> [Your instructions]
Retype the whole listing verbatim and keep the pictures out of it.

━━━ Raw data ━━━

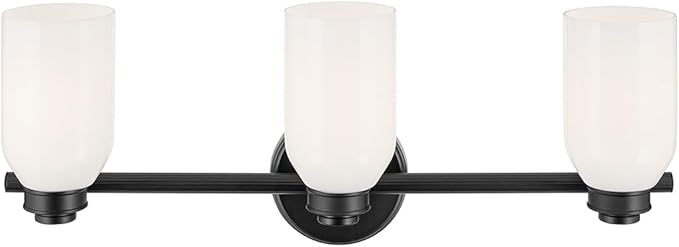 Kichler Shae 24.25" 3-Light Bathroom Vanity Light Fixture with White Opal Glass in Black, Modern Wall Mount Over Mirror for Powder Room (24.25" W x 9" H), 55202BK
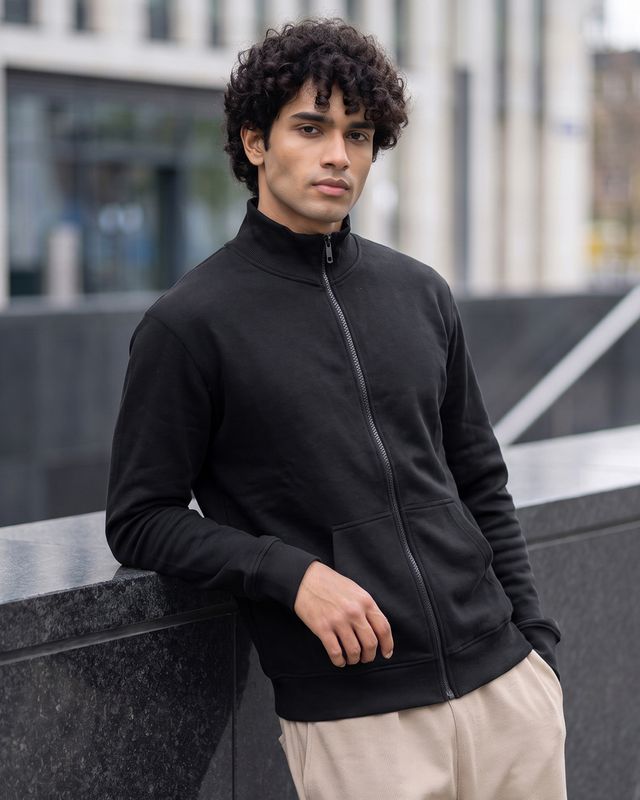 Men's Black Zipper Sweatshirt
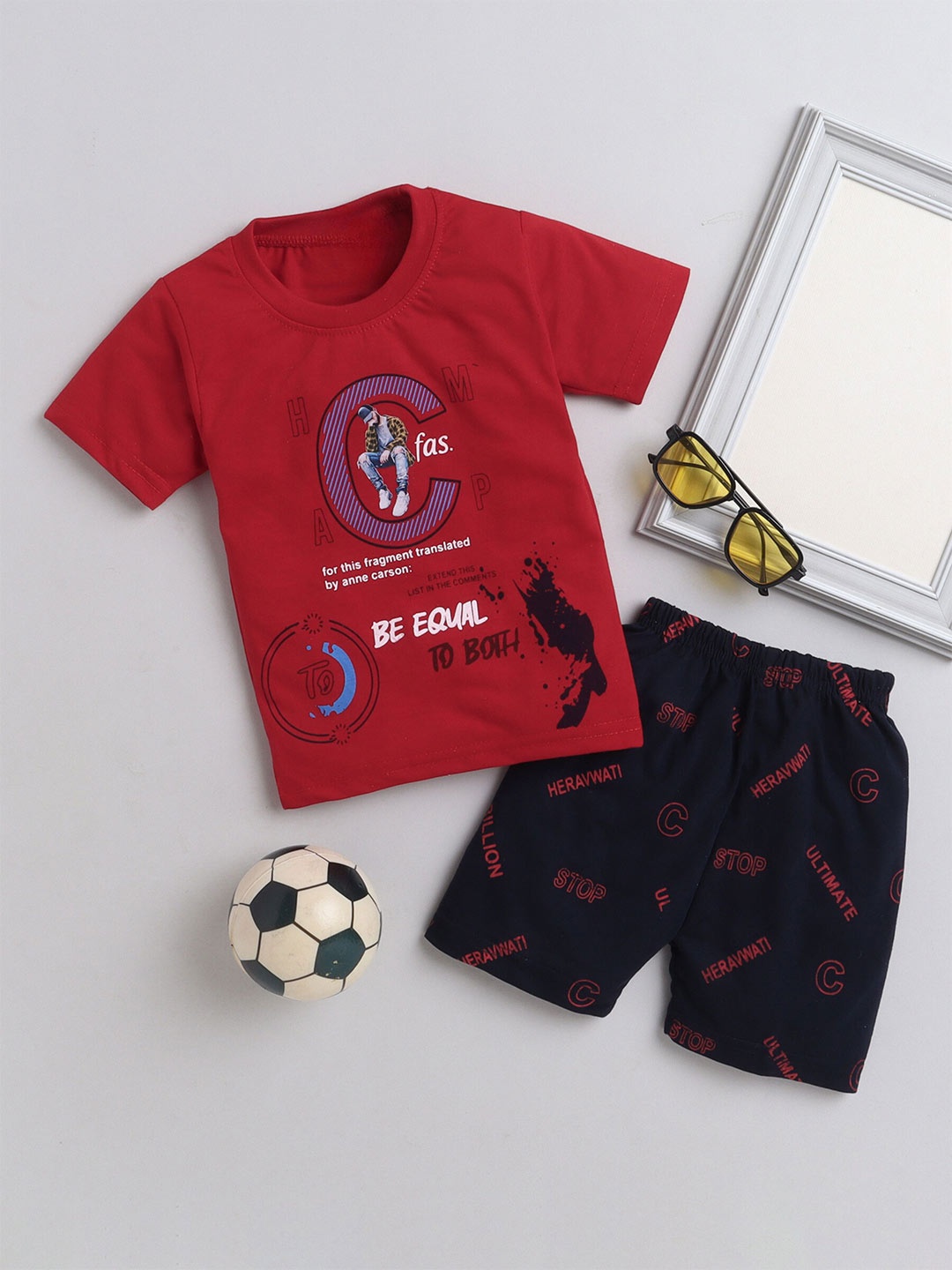 

DKGF FASHION Boys Printed Pure Cotton T-shirt With Shorts, Maroon
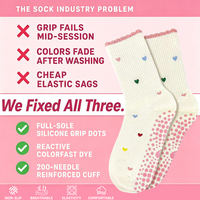 Chaussettes de yoga en coton pour femmes avec logo, antidérapantes, pour le sport, vente en gros, chaussettes de Pilates imprimées personnalisées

━━━

> [Output]
 Kichler Shae 24.25" 3-Light Bathroom Vanity Light Fixture with White Opal Glass in Black, Modern Wall Mount Over Mirror for Powder Room (24.25" W x 9" H), 55202BK
 Men's Black Zipper Sweatshirt

DKGF FASHION Boys Printed Pure Cotton T-shirt With Shorts, Maroon
 Chaussettes de yoga en coton pour femmes avec logo, antidérapantes, pour le sport, vente en gros, chaussettes de Pilates imprimées personnalisées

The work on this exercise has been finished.